Critiques of anti-immigrant policies became “offensive”
In the fourth Republican primary debate, Ted Cruz made the following statement, via TIME:
“I will say for those of us who believe people ought to come to this country legally, and we should enforce the law, we're tired of being told it's anti-immigrant. It's offensive. I am the son of an immigrant who came legally from Cuba to seek the American dream. And, we can embrace legal immigration while believing in the rule of law."
Of course, if Mexico or any of the Central American countries had been the beneficiaries of the same law that allows Cubans who make it ashore to enter the U.S. and easily obtain a green card, there would arguably be no illegal immigration from these countries.
Illegal immigration from Mexico surged because laws were created without properly understanding migration patterns, argued Douglas Massey, a professor of sociology and public affairs at Princeton University. Tapping into the economic and cultural potential of these new arrivals might be more beneficial to America than mass deportation.

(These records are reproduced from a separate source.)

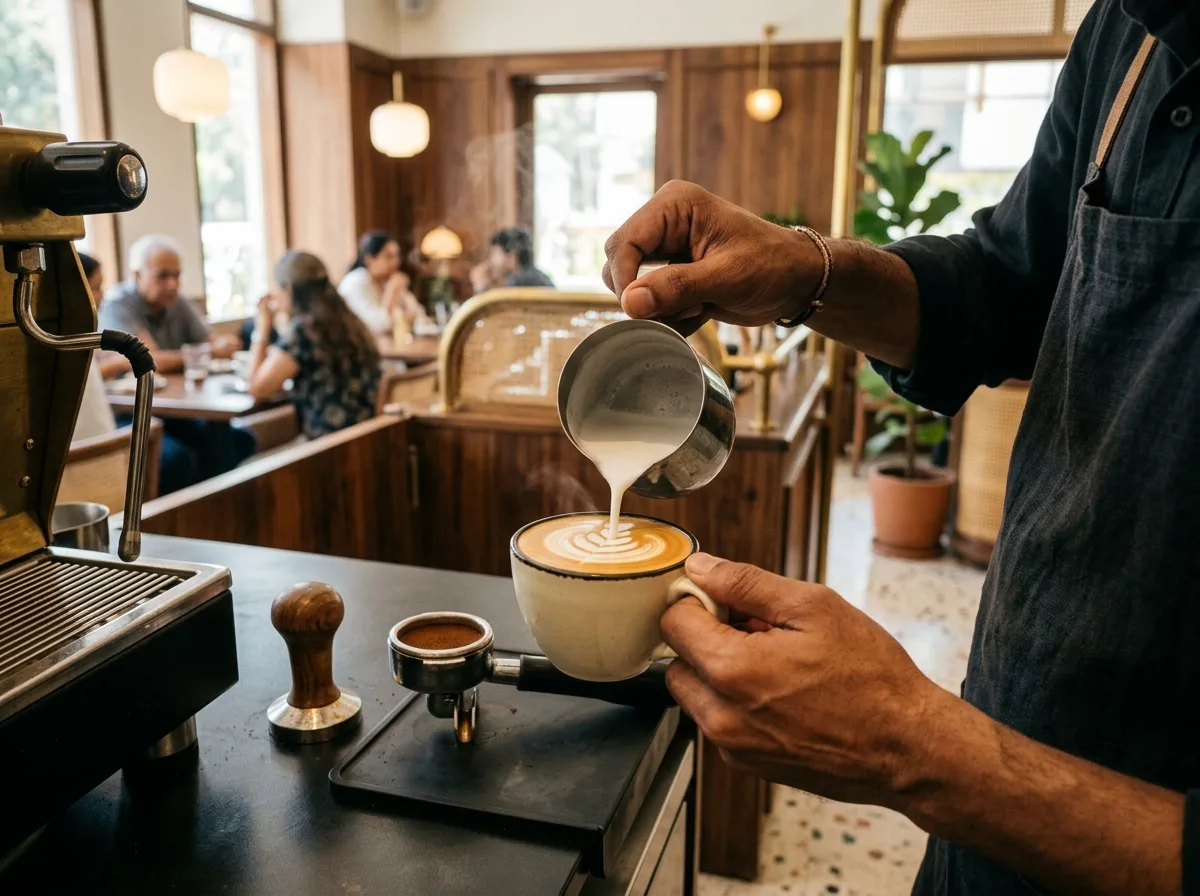 A barista pouring latte art into a ceramic cup on an espresso machine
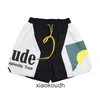 Rhude high end designer shorts för modemän och kvinnors solnedgångsbrev utskrift färgade sport shorts avslappnad med 1: 1 original etiketter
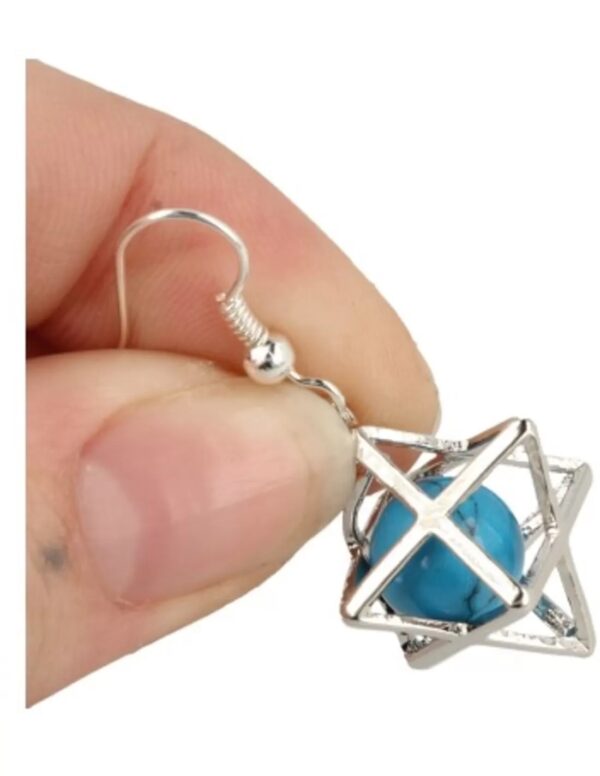Howliet blauw (gekleurd) oorbellen merkabah - Image 3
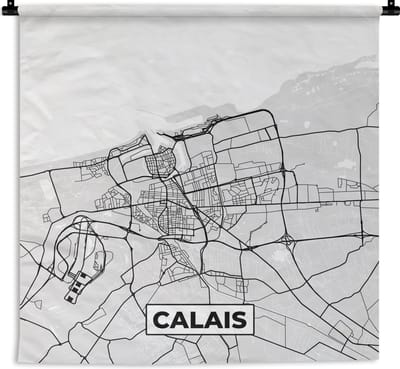 Wandkleed - Wanddoek - Plattegrond - Kaart - Stadskaart - Frankrijk - Calais - 180x180 cm - Wandtapijt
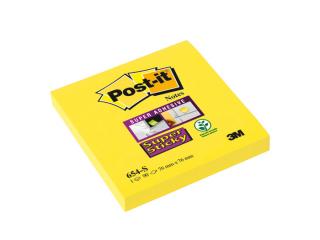 Samolepicí bločky Post-it silně lepící - 76 mm x 76 mm / 90 lístků / neon žlutá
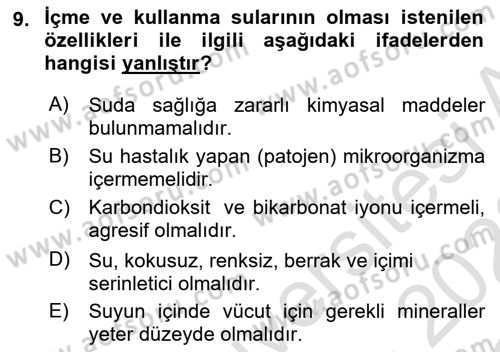 Hijyen ve Sanitasyon Dersi 2021 - 2022 Yılı Yaz Okulu Sınav Soruları 9. Soru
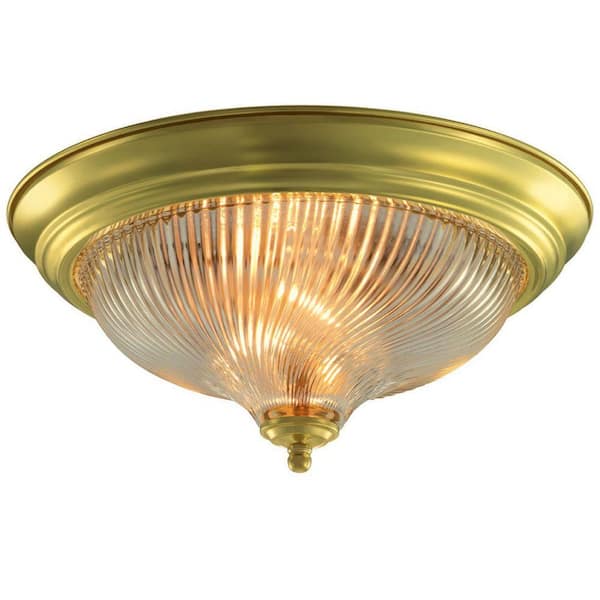 Hampton Bay 13 in. 2Light Polished Brass Flush Mount with Frosted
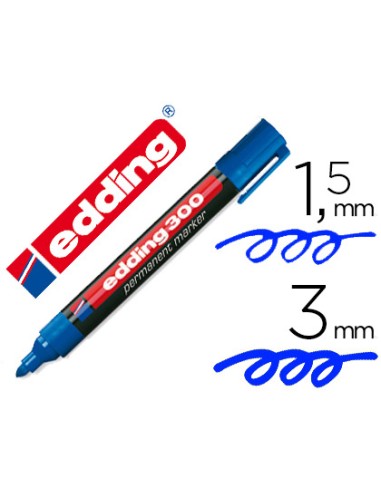 CI | Rotulador edding marcador permanente 300 azul punta redonda 1,5-3 mm recargable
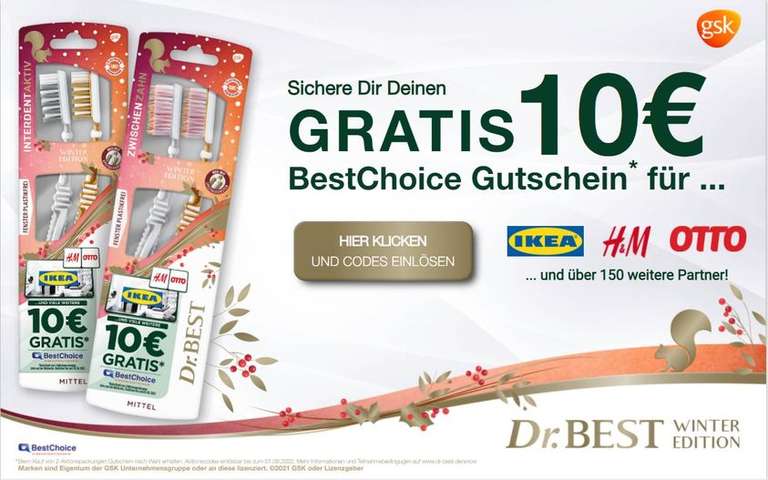 GRATIS 10€ Bestchoice Gutschein bei Kauf von 2 Dr.Best Aktionspackungen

It could also be a wiser political move. One result of venomous anti-immigration rhetoric is that activists are already using it to get out the Hispanic vote. That push could make a big difference in future elections. Take the case of California, which saw strong anti-immigrant campaigns in the early 1990s. The state is now only 28 percent registered Republican, writes NPR’s Ina Jaffe.
And here’s political scientist David Damore, who has followed that trend, via NPR:
"The moment when the Latino population is about ready to explode in California and have an impact on politics, the Republicans were pushing a very, very hostile agenda," said Damore. "The end result is, it's no longer a competitive state."
Words all candidates may want to revisit as 2015 comes to an end.